精選版 日本国語大辞典 「奴様」の意味・読み・例文・類語

やっこ‐さん【奴様】

(「さん」は接尾語)
[1] 〘名〙
① 「やっこ(奴)(一)」を丁寧にいう語。また、親しみやおかしみを込めていうこともある。
歌舞伎・傾情吾嬬鑑(1788)五立「はてさて、そんな事に、いちゃつきのある奴(ヤッコ)さんぢゃァごんせぬ」
折紙細工の一つ。正方形の紙を折り畳んで、武家の奴僕である奴の形にしたもの。
[2] 〘代名〙
① 他称。同輩またはそれ以下の他人を、親しみや多少の軽蔑をこめて呼ぶ語。あいつ
※落語・反魂香(1895)〈柳家禽語楼〉「袋に入れて渡してやったのを奴(ヤッコ)さん持って帰って来ました」
対称。

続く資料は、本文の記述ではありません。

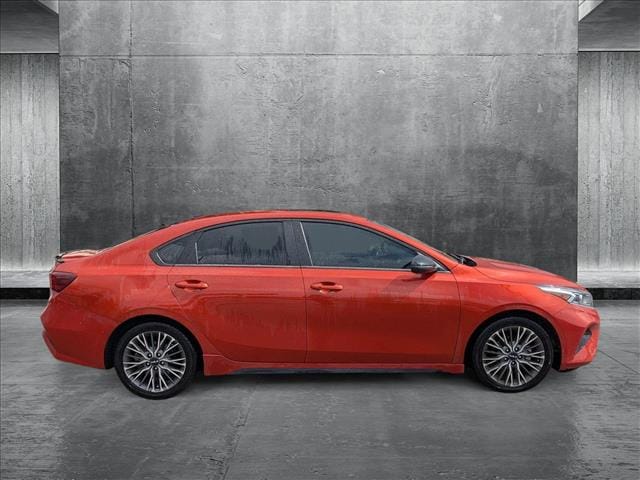 Used 2022 Kia FORTE GT-Line with VIN 3KPF54AD3NE453371 for sale in Miami Gardens, FL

同輩以下の人に多少の親しみや侮蔑をこめて用いる。
※人情本・清談松の調(1840‐41)二「コウコウ小三(ヤッコ)さん、そんなに悪戯をしては不可ないぜ」
[3] (奴さん) (「奴さんどこへ行く」の歌い出しから) 俗曲。二上がり。酒宴の席などで騒ぎ歌として広く用いられる。踊りの振りもある。願人坊主の踊り歌がのちに花柳界に取り上げられたものという。